Segment Start: Provided records
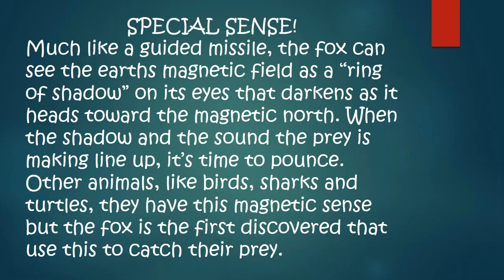Foxes have a special sense like a guided missile. A fox can see the Earth's magnetic field as like a ring shadow on its eyes and the darkness as it heads towards magnetic north. When the sound and the shadow line up on the prey, it's time to pounce. They have a kind of like a turtle sense — many animals do this like dolphins and turtles. But foxes are thought to use this magnetic sense specifically to find food, not for placement. That's why when you see them on TV, they hover over a rat and then pounce straight down. I think they have about a 75 to 80% success rate.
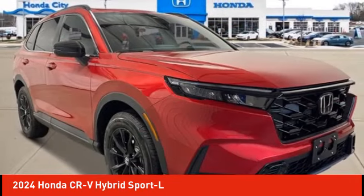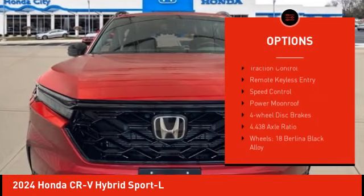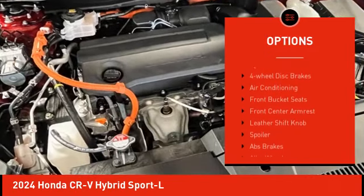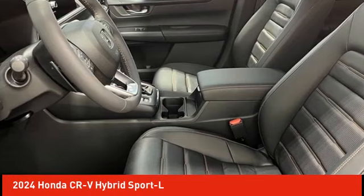Here are some of this vehicle's great options: electronic stability control, alloy wheels, rear spoiler, power lift gate, brake assist, traction control, remote keyless entry, speed control, power moonroof, and four-wheel disc brakes.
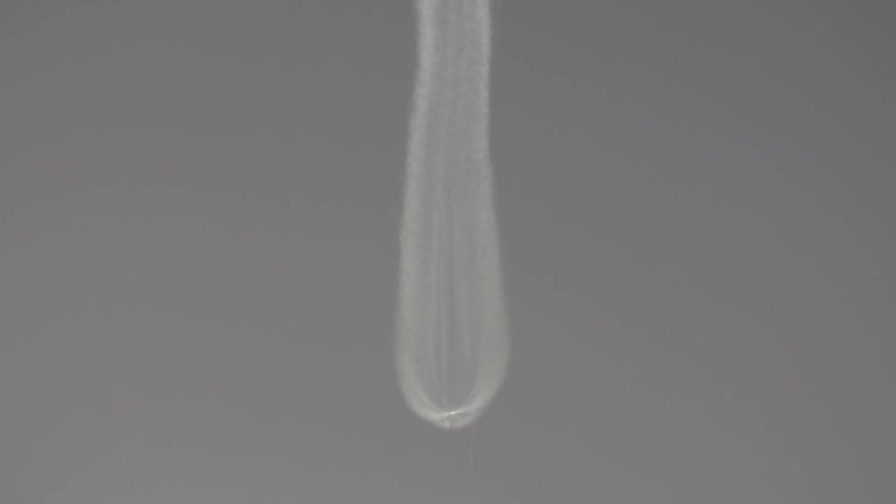And the RD-180 is now throttling to maintain a constant 5G acceleration limit. Engine response looks good. The Centaur has begun the boost phase chill-down sequence to thermally condition the RL-10 for operation. And the RD-180 is now throttling to maintain a 4.6G acceleration limit until BECO.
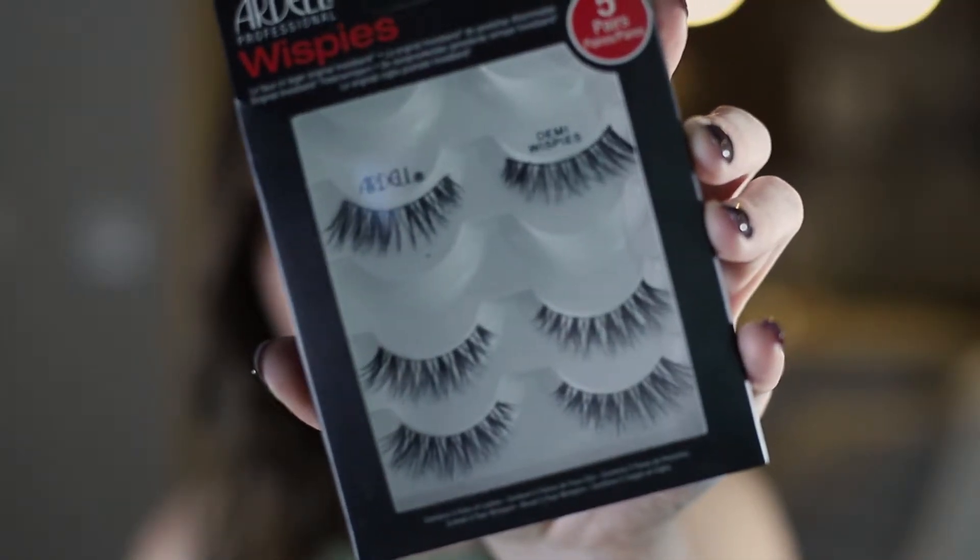So to do your lashes like how I do mine, you're going to need to start off with a few things. The obvious being your eyelashes of choice — I use the Ardell Demi Wispies. I really like these because they look very natural, a little bit lengthening and just a little bit fuller than a natural lash, providing extra voluminous lashes without looking too crazy or fake.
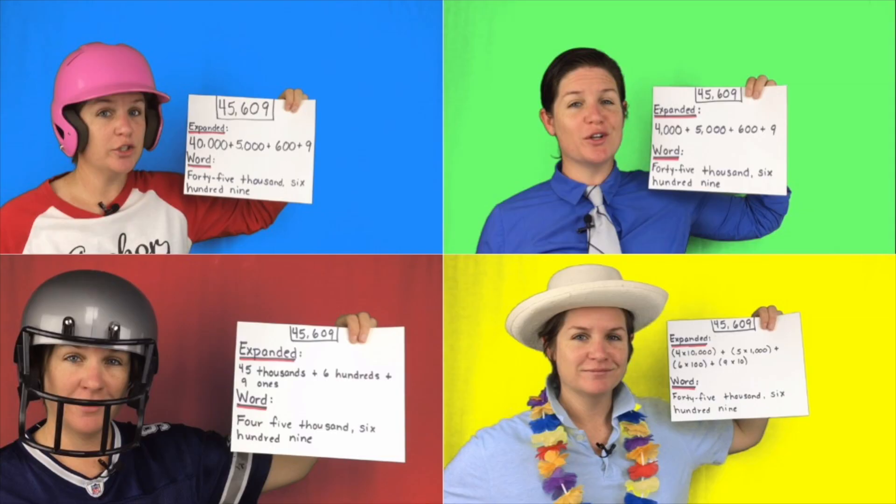Well, there you have it, detectives. You have just seen our four guest students solve this problem. Three made a mistake and only one got it correct. Use your detective diary to help you discuss, decide, and justify who is correct and incorrect in today's episode of Math Misconception Mystery. Bye-bye, detectives. I'll catch you later in another episode.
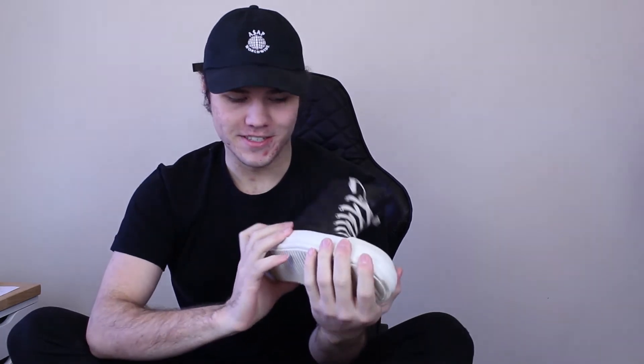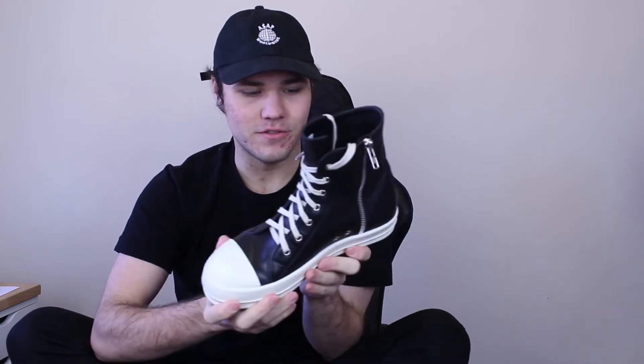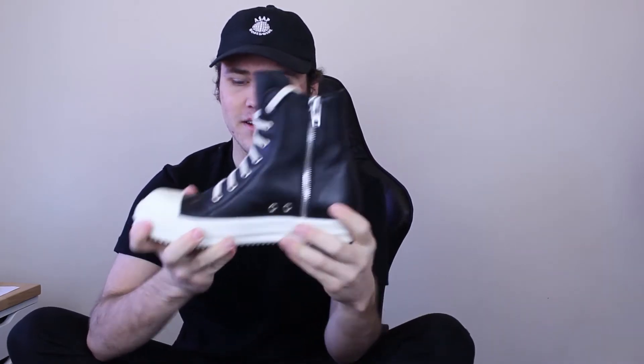I'm just going to get these out to show you guys. Taking off the lid — if you guys are wondering the size, these are a size 8.5. I'm just going to put the lid down because it's too awkward to hold in my lap, the box is so big. Got a Rick Owens tote right here. And here are the shoes. God damn. These are the mainline Rick Owens Ramones. These are absolutely beautiful — high quality leather, rubber soles. These are just super, super, super clean.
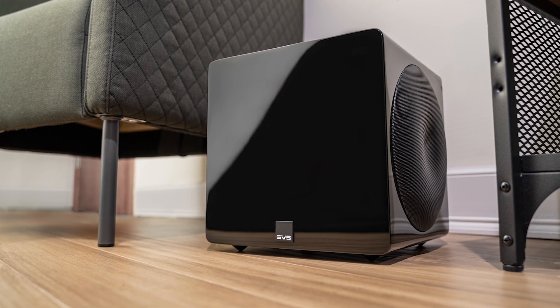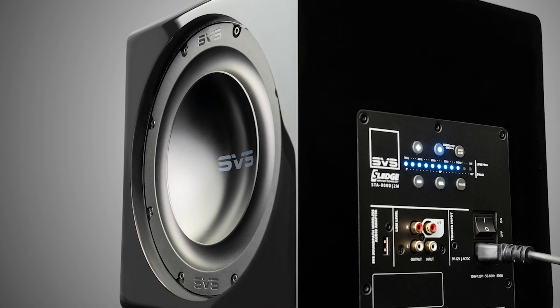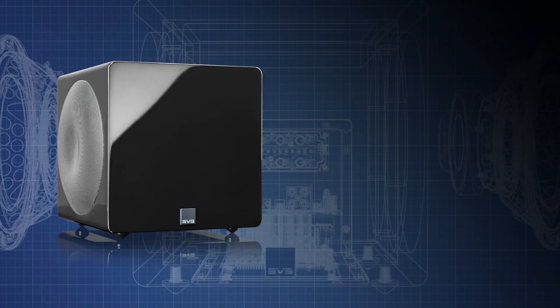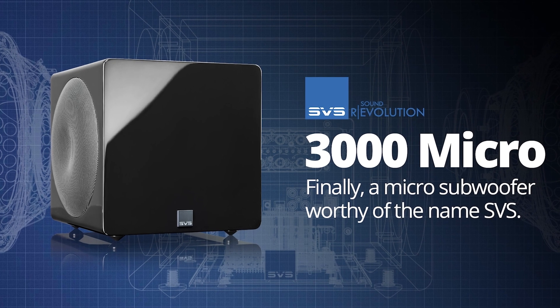Is it possible to make a compact subwoofer sound really good? I'm Joe with Gramophone, and today we're excited to be with Gary Yakubian of SVS. So let's start out by having you talk a little bit about the 3000 Micro and what you've done to be able to get thrilling bass out of this relatively very small cabinet.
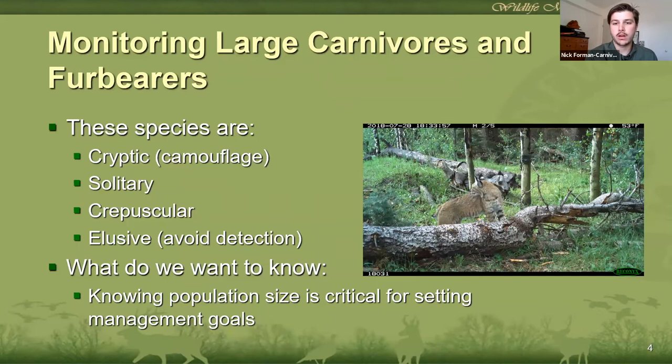In New Mexico, our large carnivore and furbearer species are almost all cryptic, elusive species. They make a living by remaining out of sight. They don't occur in large groups like deer or elk or waterfowl. They're typically crepuscular, which means they're most active at dawn and dusk. So consider what all those behaviors mean when biologists are trying to come up with a reliable way to monitor these species. All those behaviors and characteristics impact a biologist's decision on how to monitor them.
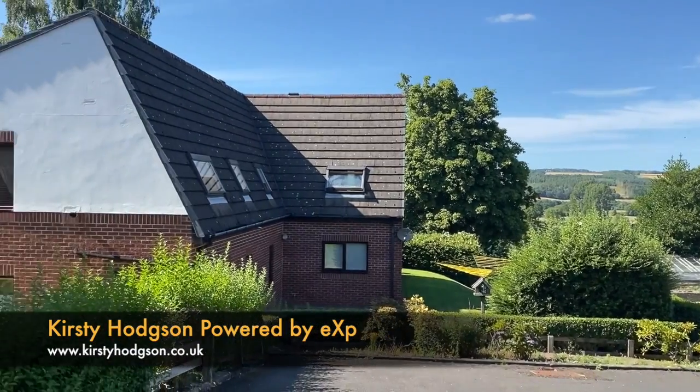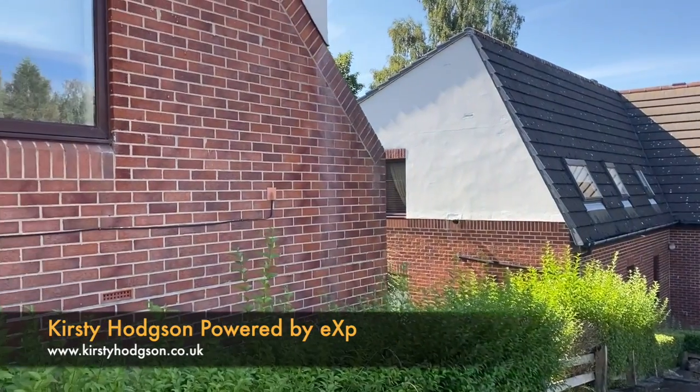Hello, here I am at Ford Rise and Stocksfield. Today I'm going to tell you about this shared ownership flat I have. It's a first floor flat just above me here. I have got three properties available on this development. It's a two bedroom first floor apartment, vacant possession, and it's 50% shared ownership.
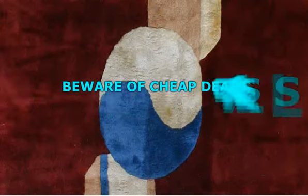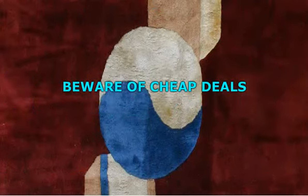Beware of cheap deals. Cheap deals, especially when it comes to antiques, spell trouble in capitals. Chances are you're going to end up buying a fake and you'll actually be paying a helluva lot more for it than it is worth. You should actually be on the lookout for someone who has been selling antique rugs for a long time.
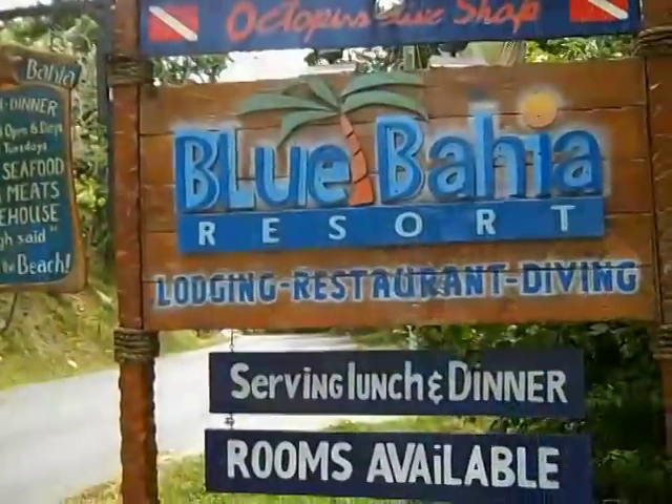Hi, I'm TJ Lynch for BuyRoatan.com. Tucked away in Sandy Bay is a little hidden hideaway called the Blue Bahia Resort, and I have just listed a condo in there for a 30-day special. If your dream is to buy something in Roatan and come down and visit often, then listen up — this is for you. There's financing available, and when you're not using it, they rent it out and pay you money.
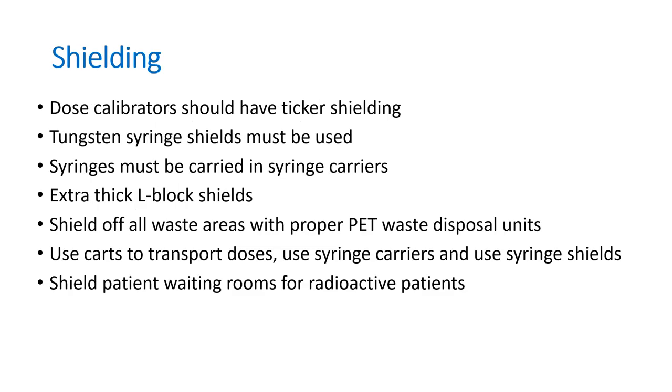For shielding, dose calibrators should have thicker shielding for gallium or PET isotopes than for SPECT isotopes. For PET you should use tungsten syringe shields instead of normal lead ones used for technetium. Be aware of the different shielding requirements for PET and SPECT isotopes, and always use L-blocks. Ship all your waste to proper areas — maybe a separate area in a bunker away from everybody else. I often see in radiopharmacies that waste containers with radioactive liquid waste or vials are kept until somebody has time to move them — this should be properly shielded by lead or removed as often as possible, even daily.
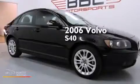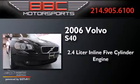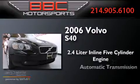This is a 2006 Volvo S40. It features a 2.4-liter, 5-cylinder engine and an automatic transmission.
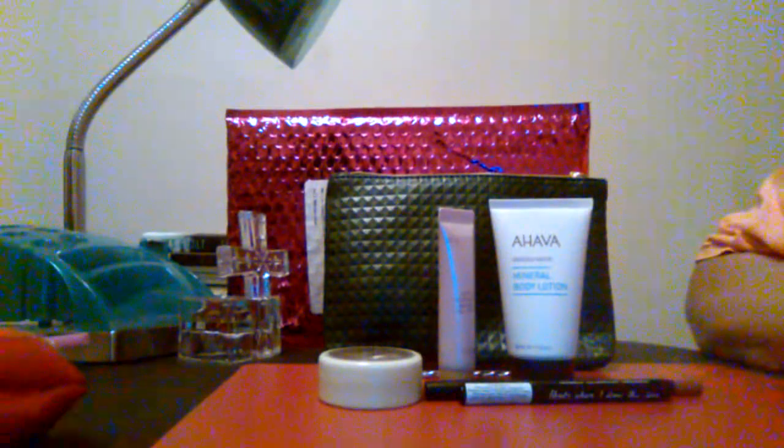Hi everyone. I received my Ipsy Glam Bag today and I'd like to share it with you. So let's get started.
Segment End: Provided records
Exercise aim: Please restate each entry exactly, but drop any picture it holds.

Written response:
Foxes have a special sense like a guided missile. A fox can see the Earth's magnetic field as like a ring shadow on its eyes and the darkness as it heads towards magnetic north. When the sound and the shadow line up on the prey, it's time to pounce. They have a kind of like a turtle sense — many animals do this like dolphins and turtles. But foxes are thought to use this magnetic sense specifically to find food, not for placement. That's why when you see them on TV, they hover over a rat and then pounce straight down. I think they have about a 75 to 80% success rate.
Here are some of this vehicle's great options: electronic stability control, alloy wheels, rear spoiler, power lift gate, brake assist, traction control, remote keyless entry, speed control, power moonroof, and four-wheel disc brakes.
And the RD-180 is now throttling to maintain a constant 5G acceleration limit. Engine response looks good. The Centaur has begun the boost phase chill-down sequence to thermally condition the RL-10 for operation. And the RD-180 is now throttling to maintain a 4.6G acceleration limit until BECO.
So to do your lashes like how I do mine, you're going to need to start off with a few things. The obvious being your eyelashes of choice — I use the Ardell Demi Wispies. I really like these because they look very natural, a little bit lengthening and just a little bit fuller than a natural lash, providing extra voluminous lashes without looking too crazy or fake.
Well, there you have it, detectives. You have just seen our four guest students solve this problem. Three made a mistake and only one got it correct. Use your detective diary to help you discuss, decide, and justify who is correct and incorrect in today's episode of Math Misconception Mystery. Bye-bye, detectives. I'll catch you later in another episode.
I'm just going to get these out to show you guys. Taking off the lid — if you guys are wondering the size, these are a size 8.5. I'm just going to put the lid down because it's too awkward to hold in my lap, the box is so big. Got a Rick Owens tote right here. And here are the shoes. God damn. These are the mainline Rick Owens Ramones. These are absolutely beautiful — high quality leather, rubber soles. These are just super, super, super clean.
Is it possible to make a compact subwoofer sound really good? I'm Joe with Gramophone, and today we're excited to be with Gary Yakubian of SVS. So let's start out by having you talk a little bit about the 3000 Micro and what you've done to be able to get thrilling bass out of this relatively very small cabinet.
In New Mexico, our large carnivore and furbearer species are almost all cryptic, elusive species. They make a living by remaining out of sight. They don't occur in large groups like deer or elk or waterfowl. They're typically crepuscular, which means they're most active at dawn and dusk. So consider what all those behaviors mean when biologists are trying to come up with a reliable way to monitor these species. All those behaviors and characteristics impact a biologist's decision on how to monitor them.
Hello, here I am at Ford Rise and Stocksfield. Today I'm going to tell you about this shared ownership flat I have. It's a first floor flat just above me here. I have got three properties available on this development. It's a two bedroom first floor apartment, vacant possession, and it's 50% shared ownership.
Beware of cheap deals. Cheap deals, especially when it comes to antiques, spell trouble in capitals. Chances are you're going to end up buying a fake and you'll actually be paying a helluva lot more for it than it is worth. You should actually be on the lookout for someone who has been selling antique rugs for a long time.
Hi, I'm TJ Lynch for BuyRoatan.com. Tucked away in Sandy Bay is a little hidden hideaway called the Blue Bahia Resort, and I have just listed a condo in there for a 30-day special. If your dream is to buy something in Roatan and come down and visit often, then listen up — this is for you. There's financing available, and when you're not using it, they rent it out and pay you money.
For shielding, dose calibrators should have thicker shielding for gallium or PET isotopes than for SPECT isotopes. For PET you should use tungsten syringe shields instead of normal lead ones used for technetium. Be aware of the different shielding requirements for PET and SPECT isotopes, and always use L-blocks. Ship all your waste to proper areas — maybe a separate area in a bunker away from everybody else. I often see in radiopharmacies that waste containers with radioactive liquid waste or vials are kept until somebody has time to move them — this should be properly shielded by lead or removed as often as possible, even daily.
This is a 2006 Volvo S40. It features a 2.4-liter, 5-cylinder engine and an automatic transmission.
Hi everyone. I received my Ipsy Glam Bag today and I'd like to share it with you. So let's get started.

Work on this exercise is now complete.